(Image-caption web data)
%%
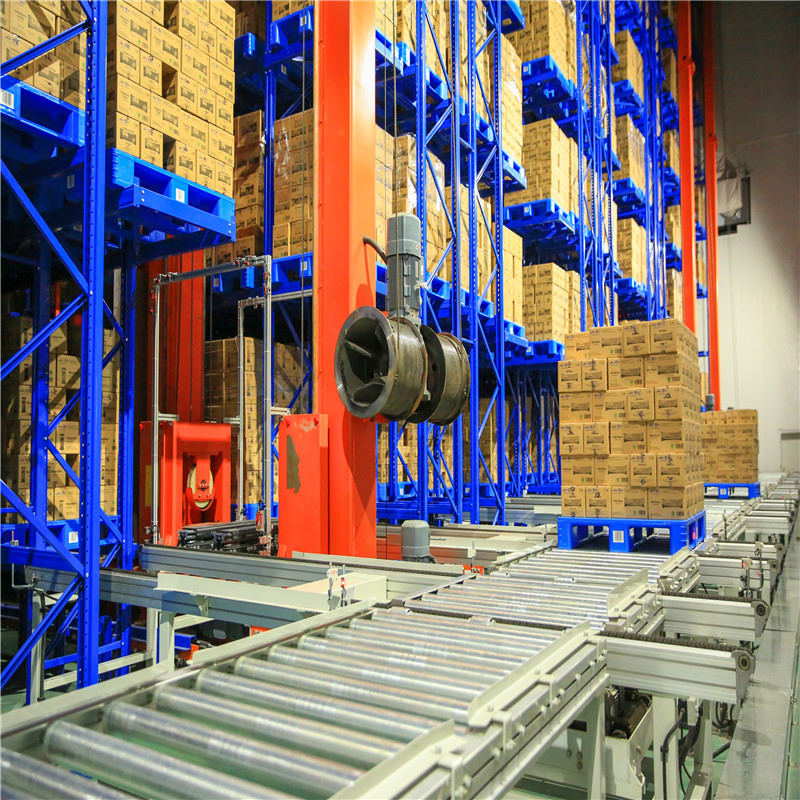 Dl Cold Warehouse Customization for Efficient Supply Chain Management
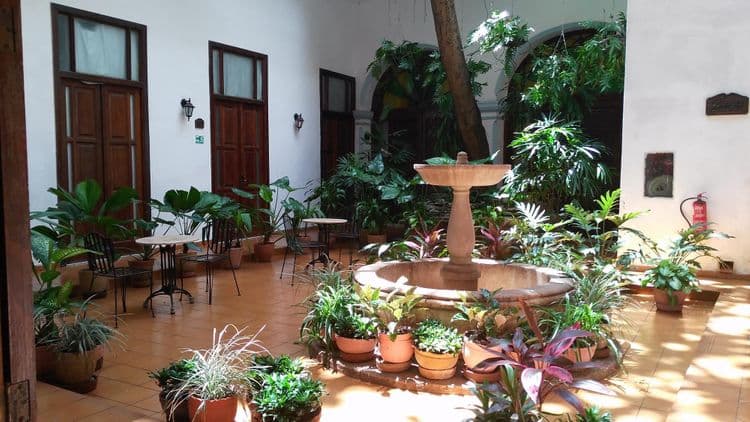 Tejadillo Hotel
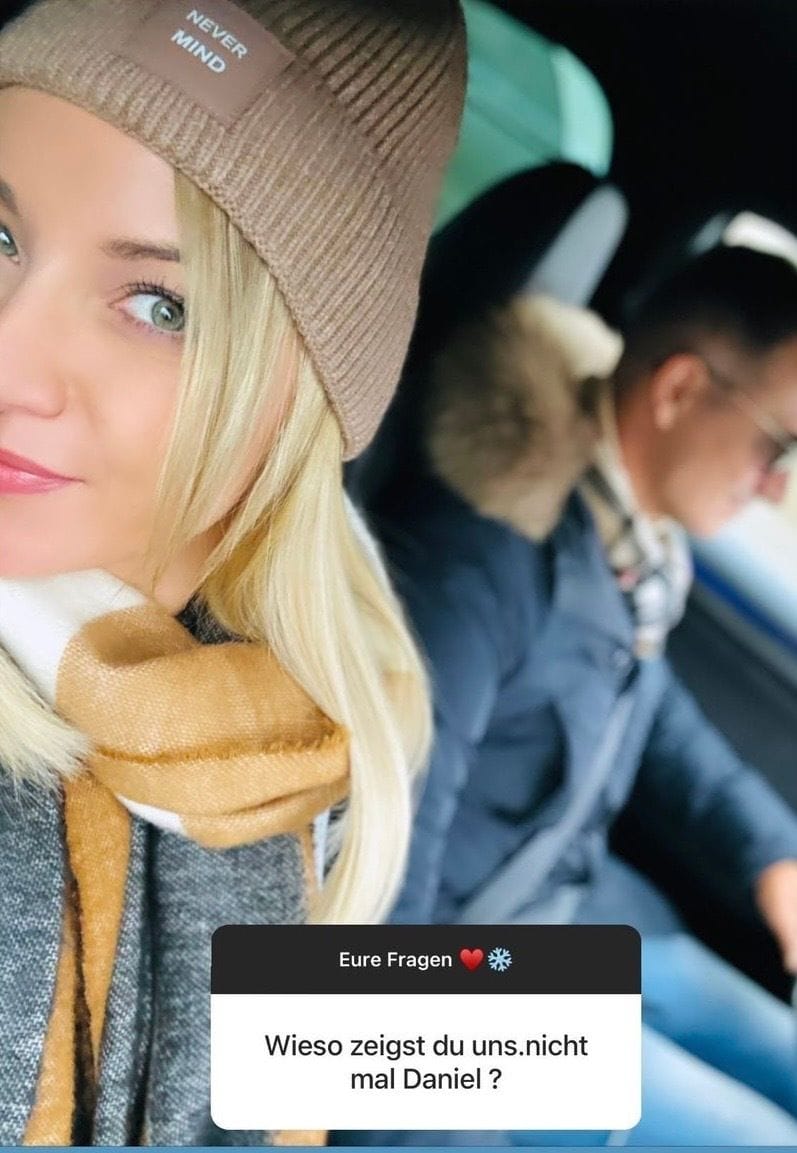 Anna-Carina Woitschak zeigt ihren neuen Partner bei Instagram.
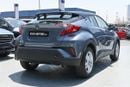 Toyota CHR Toyota CH-R 1.8L Hybrid Color Grey Model 2023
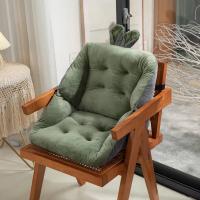 Cojín Universal para silla de oficina, cojín grueso para las cuatro estaciones, respaldo de una pieza para invierno, 1 unidad - details 8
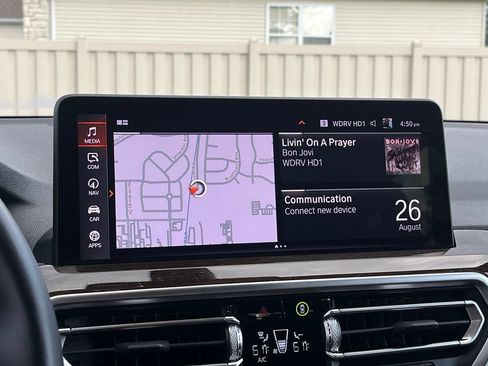 Used 2024 BMW X3 xDrive30i w/ Premium Package w/ZPA AWD/4WD image 39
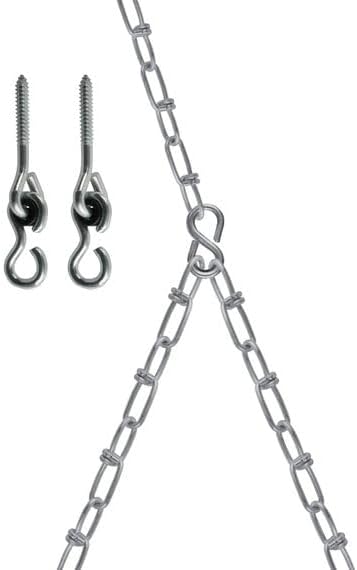 5FT Cypress Porch Swing with Flip Console Made in Louisiana USA with Hanging Hardware Included-VerdiqueGarden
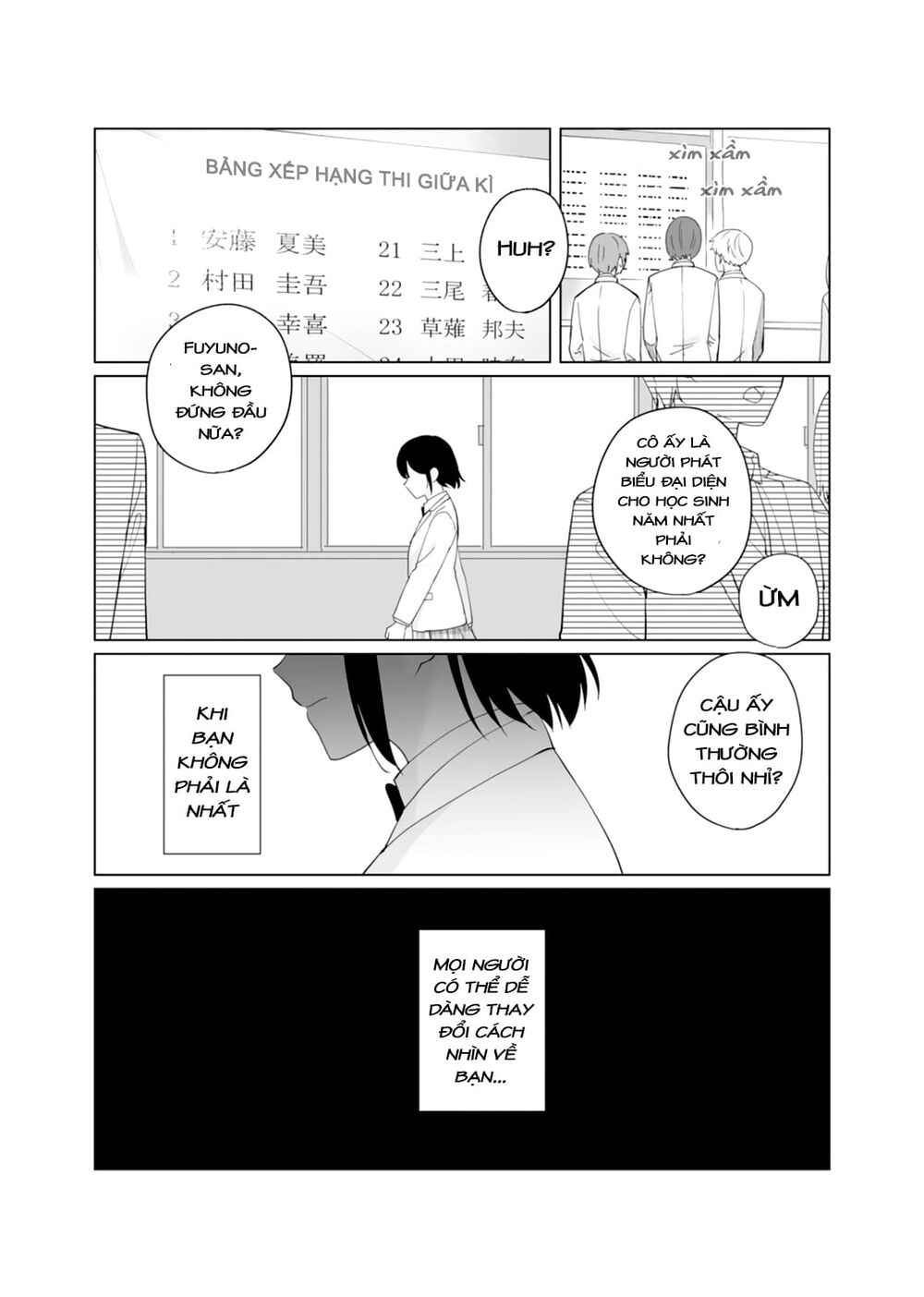 Oshieko Kara Nigerarenai: Chapter 5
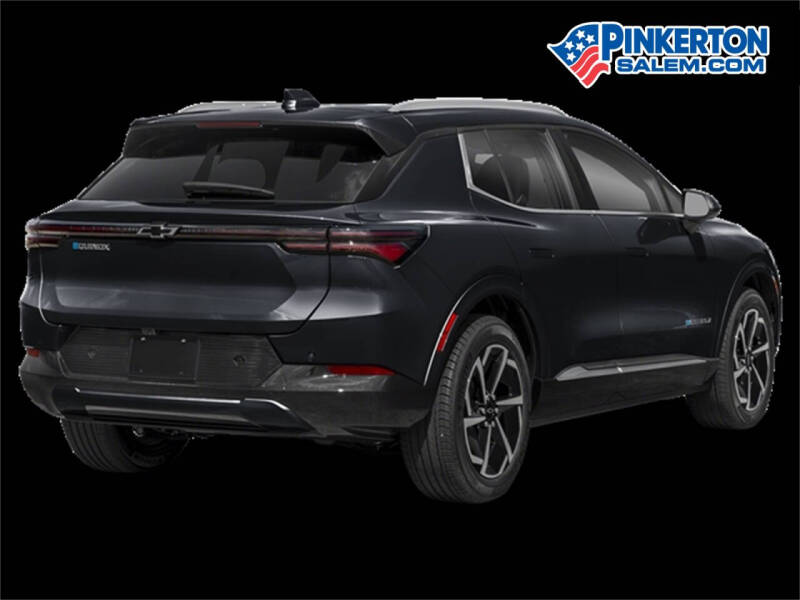 2026 Chevrolet Equinox EV LT 2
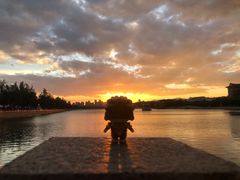 -龙舟池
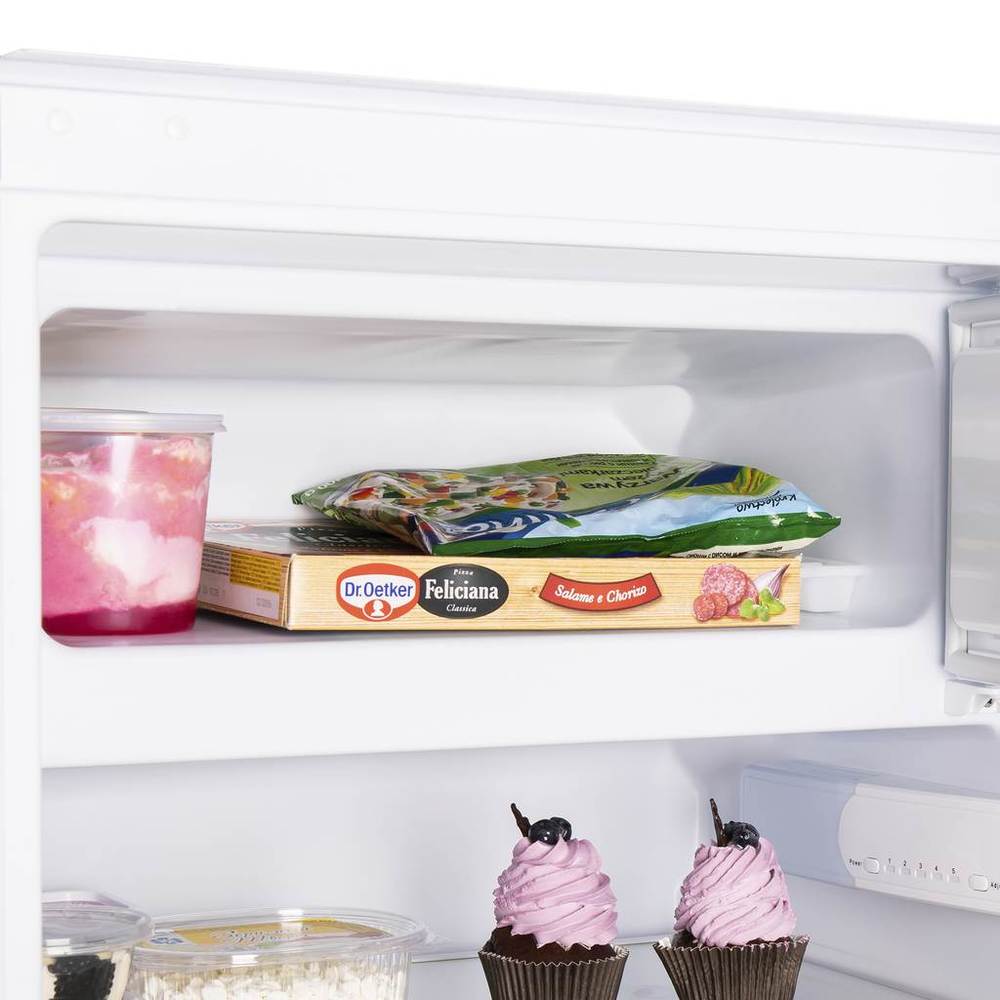 Холодильник встраиваемый MAUNFELD MBF88SW - фото6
%%
# What you have to do
Leaving every image behind, repeat the data in full and exactly.

# Solution to this problem
 Dl Cold Warehouse Customization for Efficient Supply Chain Management
 Tejadillo Hotel
 Anna-Carina Woitschak zeigt ihren neuen Partner bei Instagram.
 Toyota CHR Toyota CH-R 1.8L Hybrid Color Grey Model 2023
 Cojín Universal para silla de oficina, cojín grueso para las cuatro estaciones, respaldo de una pieza para invierno, 1 unidad - details 8
 Used 2024 BMW X3 xDrive30i w/ Premium Package w/ZPA AWD/4WD image 39
 5FT Cypress Porch Swing with Flip Console Made in Louisiana USA with Hanging Hardware Included-VerdiqueGarden
 Oshieko Kara Nigerarenai: Chapter 5
 2026 Chevrolet Equinox EV LT 2
 -龙舟池
 Холодильник встраиваемый MAUNFELD MBF88SW - фото6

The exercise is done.